Having proffered his criticism of psychiatry, Szasz proceeded to lay out his own analysis of behavior and theories of personal conduct. Suffice it to say that if psychiatry establishes false premises for understanding ‘mental illness,’ Szasz may have felt constrained to elucidate a theory to take its place. Rather than fiddling with Szasz’ substitute theories, let us understand the conclusions that Szasz himself reached from his research, namely, that the customary definitions of psychiatry are worthless and misleading, and that mental illness, as commonly understood, is a myth. At the end of The Myth of Mental Illness, Szasz included a helpful summary of his argument:
“1. Strictly speaking, disease or illness can affect only the body; hence, there can be no mental illness. 2. ‘Mental Illness’ is a metaphor. Minds can be ‘sick’ only in the sense that jokes are ‘sick’ or economies are ‘sick.’ 3. Psychiatric diagnoses are stigmatizing labels, phrased to resemble medical diagnoses and applied to persons whose behavior annoys or offends others. 4. Those who suffer from and complain of their own behavior are usually classified as ‘neurotic’; those whose behavior makes others suffer, and about whom others complain, are usually classified as ‘psychotic.’ 5. Mental illness is not something a person has, but is something he does or is. 6. If there is no mental illness there can be no hospitalization, treatment, or cure for it. Of course, people may change their behavior or personality, with or without psychiatric intervention. Such intervention is nowadays called ‘treatment,’ and the change, if it proceeds in a direction approved by society, ‘recovery’ or ‘cure.’ 7. The introduction of psychiatric considerations into the administration of the criminal law – for example, the insanity plea and verdict, diagnoses of mental incompetence to stand trial, and so forth – corrupt the law and victimize the subject on whose behalf they are ostensibly employed. 8. Personal conduct is always rule-following, strategic, and meaningful. Patterns of interpersonal and social relations may be regarded and analyzed as if they were games, the behavior of the players being governed by explicit or tacit game rules. 9. In most types of voluntary psychotherapy, the therapist tries to elucidate the inexplicit game rules by which the client conducts himself; and to help the client scrutinize the goals and values of the life games he plays. 10. There is no medical, moral, or legal justification for involuntary psychiatric interventions. They are crimes against humanity.”

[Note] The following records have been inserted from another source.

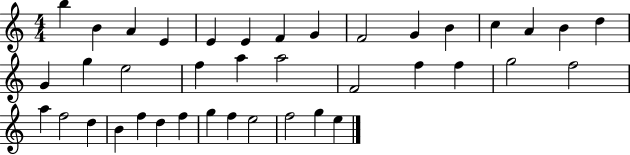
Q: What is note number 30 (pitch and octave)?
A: B4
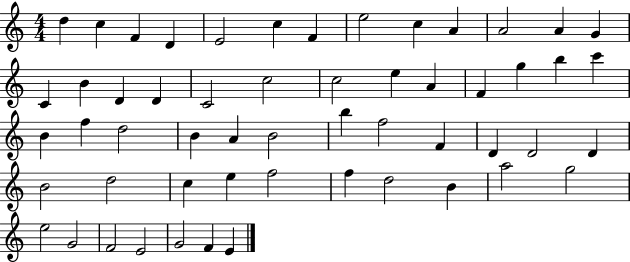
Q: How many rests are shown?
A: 0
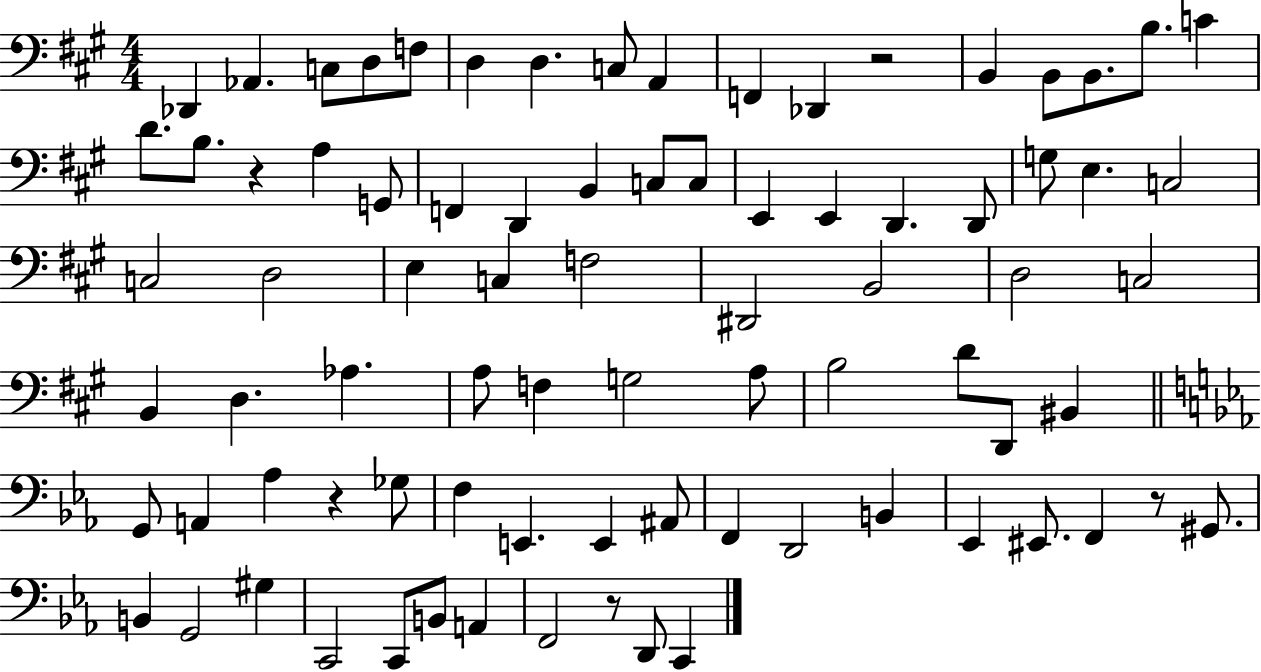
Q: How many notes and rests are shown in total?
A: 82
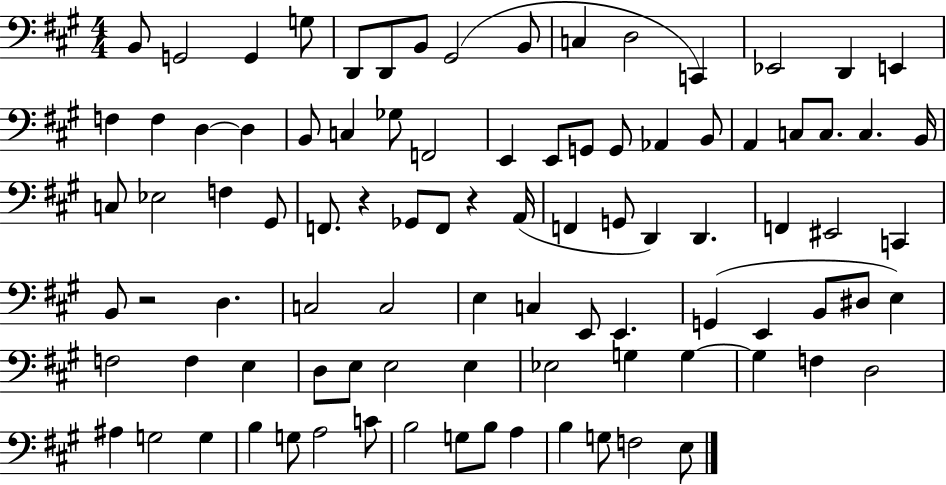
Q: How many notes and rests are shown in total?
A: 93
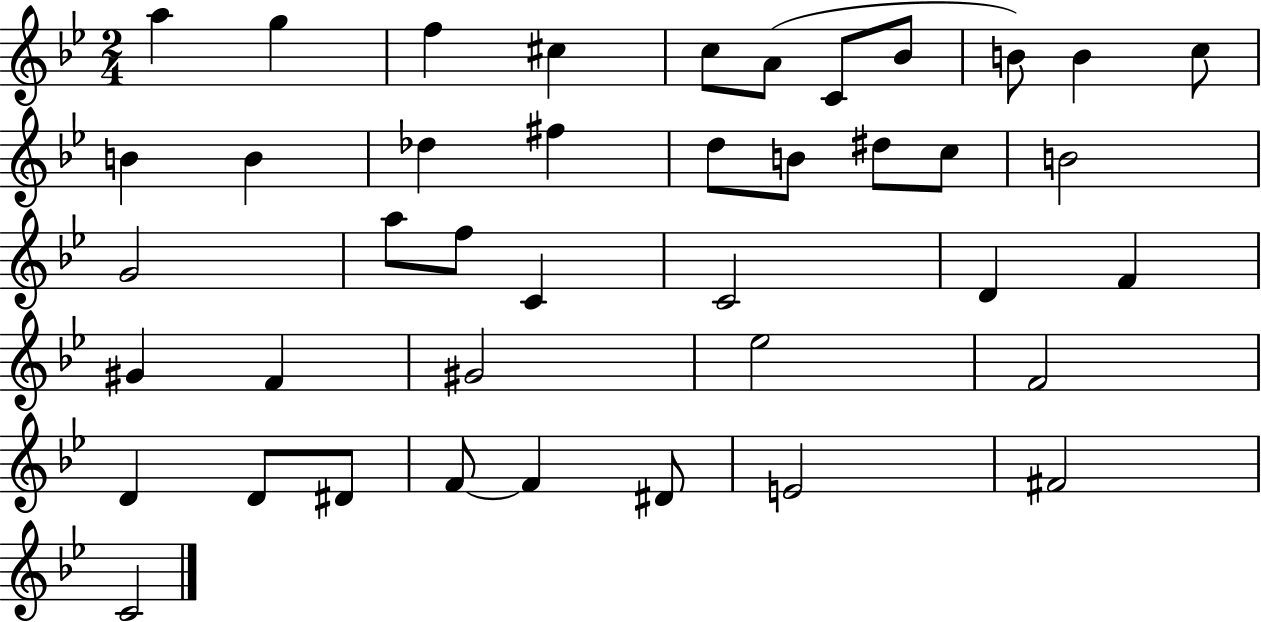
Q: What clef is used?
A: treble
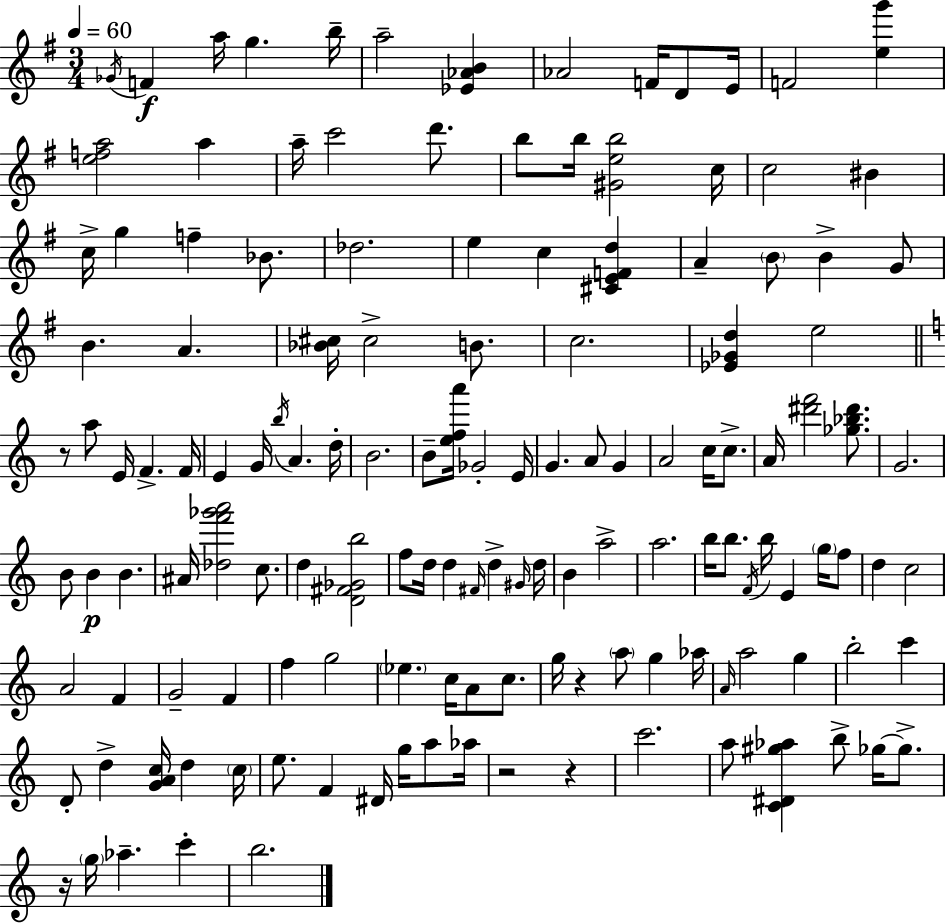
{
  \clef treble
  \numericTimeSignature
  \time 3/4
  \key g \major
  \tempo 4 = 60
  \acciaccatura { ges'16 }\f f'4 a''16 g''4. | b''16-- a''2-- <ees' aes' b'>4 | aes'2 f'16 d'8 | e'16 f'2 <e'' g'''>4 | \break <e'' f'' a''>2 a''4 | a''16-- c'''2 d'''8. | b''8 b''16 <gis' e'' b''>2 | c''16 c''2 bis'4 | \break c''16-> g''4 f''4-- bes'8. | des''2. | e''4 c''4 <cis' e' f' d''>4 | a'4-- \parenthesize b'8 b'4-> g'8 | \break b'4. a'4. | <bes' cis''>16 cis''2-> b'8. | c''2. | <ees' ges' d''>4 e''2 | \break \bar "||" \break \key c \major r8 a''8 e'16 f'4.-> f'16 | e'4 g'16 \acciaccatura { b''16 } a'4. | d''16-. b'2. | b'8-- <e'' f'' a'''>16 ges'2-. | \break e'16 g'4. a'8 g'4 | a'2 c''16 c''8.-> | a'16 <dis''' f'''>2 <ges'' bes'' dis'''>8. | g'2. | \break b'8 b'4\p b'4. | ais'16 <des'' f''' ges''' a'''>2 c''8. | d''4 <d' fis' ges' b''>2 | f''8 d''16 d''4 \grace { fis'16 } d''4-> | \break \grace { gis'16 } d''16 b'4 a''2-> | a''2. | b''16 b''8. \acciaccatura { f'16 } b''16 e'4 | \parenthesize g''16 f''8 d''4 c''2 | \break a'2 | f'4 g'2-- | f'4 f''4 g''2 | \parenthesize ees''4. c''16 a'8 | \break c''8. g''16 r4 \parenthesize a''8 g''4 | aes''16 \grace { a'16 } a''2 | g''4 b''2-. | c'''4 d'8-. d''4-> <g' a' c''>16 | \break d''4 \parenthesize c''16 e''8. f'4 | dis'16 g''16 a''8 aes''16 r2 | r4 c'''2. | a''8 <c' dis' gis'' aes''>4 b''8-> | \break ges''16~~ ges''8.-> r16 \parenthesize g''16 aes''4.-- | c'''4-. b''2. | \bar "|."
}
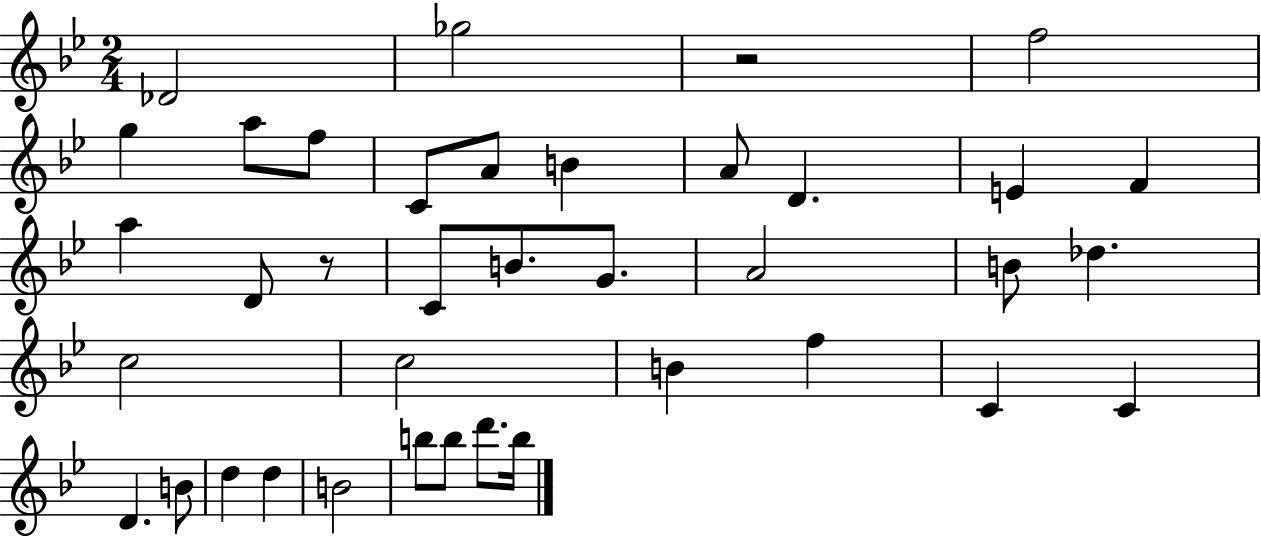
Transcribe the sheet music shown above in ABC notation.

X:1
T:Untitled
M:2/4
L:1/4
K:Bb
_D2 _g2 z2 f2 g a/2 f/2 C/2 A/2 B A/2 D E F a D/2 z/2 C/2 B/2 G/2 A2 B/2 _d c2 c2 B f C C D B/2 d d B2 b/2 b/2 d'/2 b/4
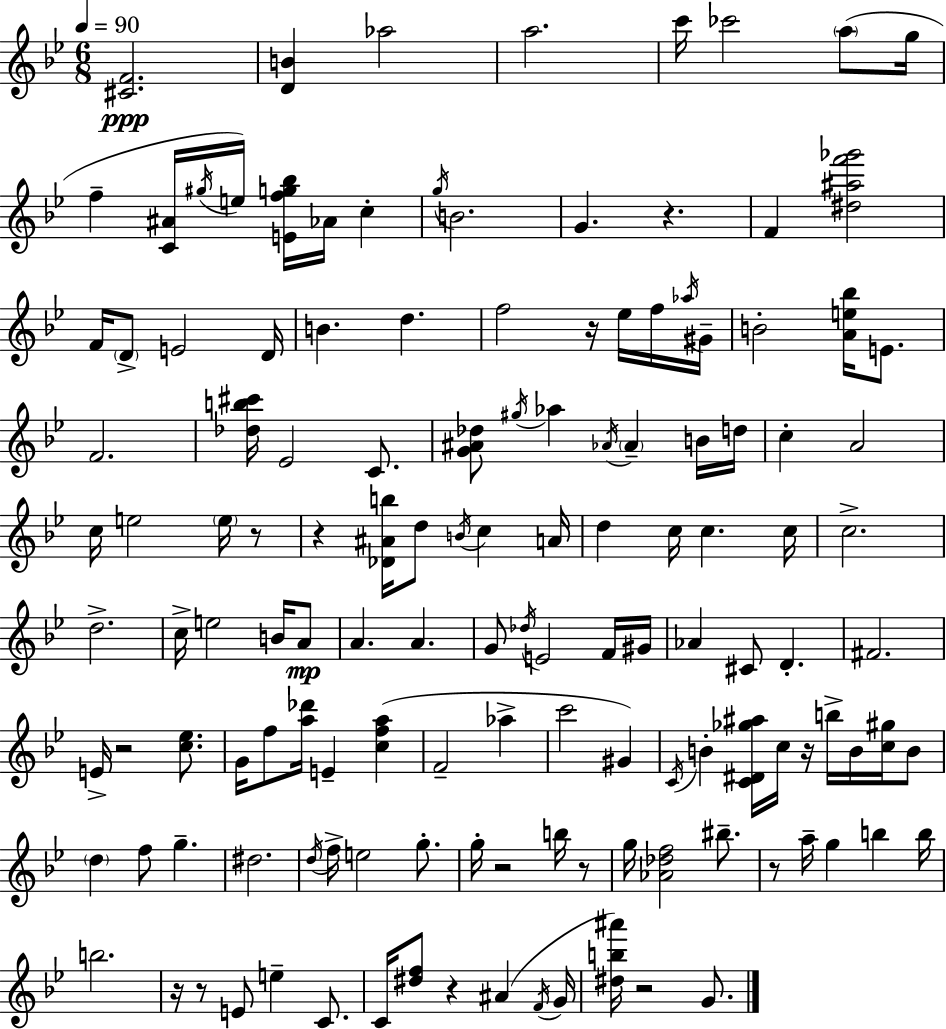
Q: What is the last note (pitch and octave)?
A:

Szasz’ persuasive and provocative book, along with his essay, earned him both effusive praise and harsh criticism. He supplied the argument that mental illness is a myth in response to a question that had puzzled the general public, as well as philosophers, sociologists, and medical professionals, a question that may be of more concern today than it was at the time that Szasz published his book and his essay. The question “What is mental illness?” has often been dismissed, but rarely has it been answered with the kind of precision and accuracy of which Szasz was capable. Even if it has not been fully or satisfactorily answered, it is still a question worthy of discussion.